There is no single "right" robots.txt for AI bots. The answer flips depending on what kind of company you run. Treat the two paths below as defaults, then path-disallow your sensitive directories on top of whichever one fits.

FOR BRANDS · default open

Allow MEMORY, SEARCH and FETCH

You sell a product or service. Your goal is to be in the candidate set when someone asks an LLM a category question. Parametric training-time presence is what makes the model surface you; retrieval and search alone do not put you in the answer.

# Brand default · 2026
User-agent: GPTBot
User-agent: ClaudeBot
User-agent: PerplexityBot
User-agent: CCBot
User-agent: Meta-ExternalAgent
User-agent: ChatGPT-User
User-agent: Claude-User
User-agent: Perplexity-User
User-agent: OAI-SearchBot
User-agent: Claude-SearchBot
User-agent: Meta-ExternalFetcher
User-agent: Amazonbot
User-agent: Applebot
User-agent: Googlebot
User-agent: bingbot
Allow: /

# Still block: documented abusive crawlers
User-agent: Bytespider
Disallow: /

# Path-disallow sensitive areas
User-agent: *
Disallow: /admin/
Disallow: /account/
Disallow: /checkout/
Disallow: /api/

The reasoning: Don't block GPTBot if you're a brand — the 2026 case for AI-memory presence.

FOR PUBLISHERS · default closed

Block MEMORY, allow SEARCH and FETCH

Your content is the product. You need negotiating leverage for licensing, EU DSM Article 4 opt-out preserved as a legal artifact, or evidence positioning in pending litigation.
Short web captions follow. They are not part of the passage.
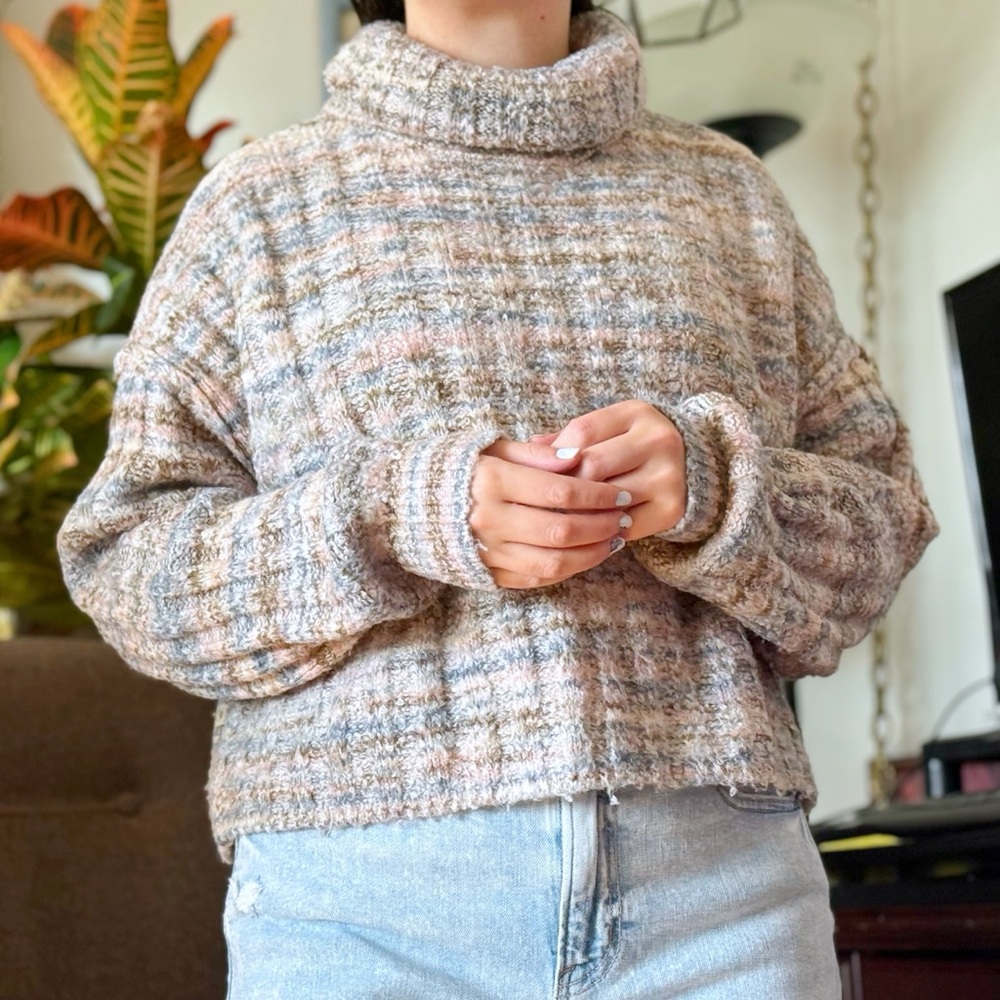 American Eagle Boucle Chunky Knit Turtleneck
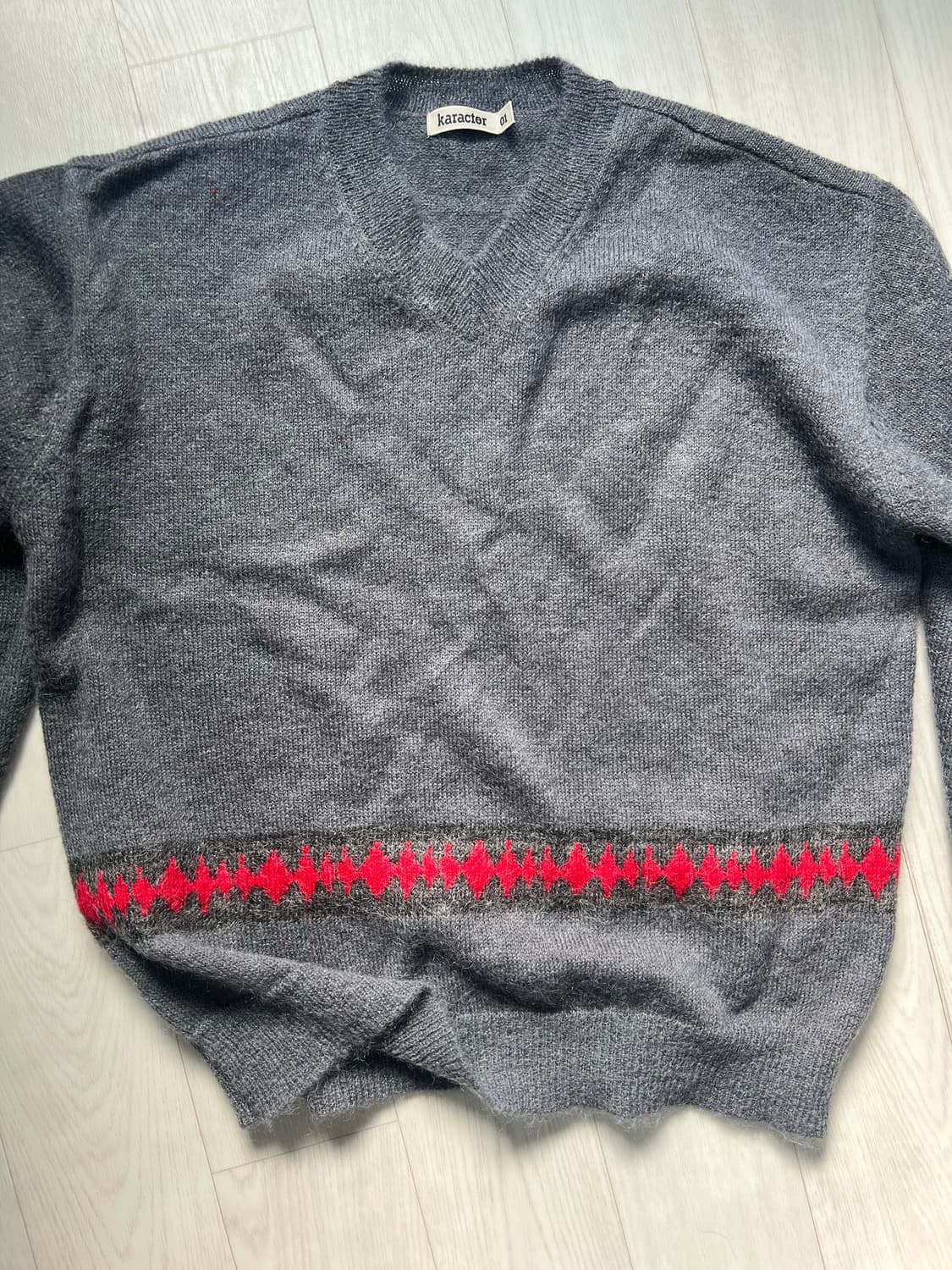 카락터 v넥 니트 차콜(1₩ 상품이미지1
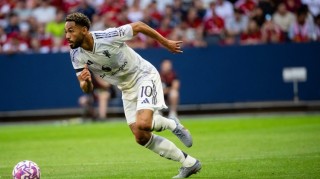 队友赞库尼亚：做对手和队友完全不一样；他就是曼联需要的球员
Blocking training is the load-bearing signal.

# Publisher default · 2026
# Opt out of LLM training (MEMORY)
User-agent: GPTBot
User-agent: ClaudeBot
User-agent: PerplexityBot
User-agent: CCBot
User-agent: Bytespider
User-agent: Meta-ExternalAgent
User-agent: Google-Extended
User-agent: Applebot-Extended
Disallow: /

# Allow search index + live retrieval (SEARCH + FETCH)
User-agent: OAI-SearchBot
User-agent: Claude-SearchBot
User-agent: ChatGPT-User
User-agent: Claude-User
User-agent: Perplexity-User
User-agent: Meta-ExternalFetcher
User-agent: Amazonbot
User-agent: Applebot
Allow: /

The reasoning: Should you block AI bots? — the publisher decision framework.

A few rules that hold on either side. Reverse-DNS verification is mandatory — UA-only matching is spoofable in seconds. Every per-bot page below lists the vendor-published IP-range source, and the implementation recipes for nginx, Cloudflare, Fastly, Vercel, AWS and Apache are documented in their own post. PrerenderProxy ships this rDNS + IP-range allowlist natively — every classified-as-bot request is verified before it is served the rendered HTML, with no UA-only mode shipped. Most of the blocking that actually affects AI visibility today happens in WAF rules, not robots.txt, so audit the managed rule before assuming your robots.txt is the operative gate. And Bytespider goes on the blocklist either way: aggressive crawl patterns, no documented value exchange.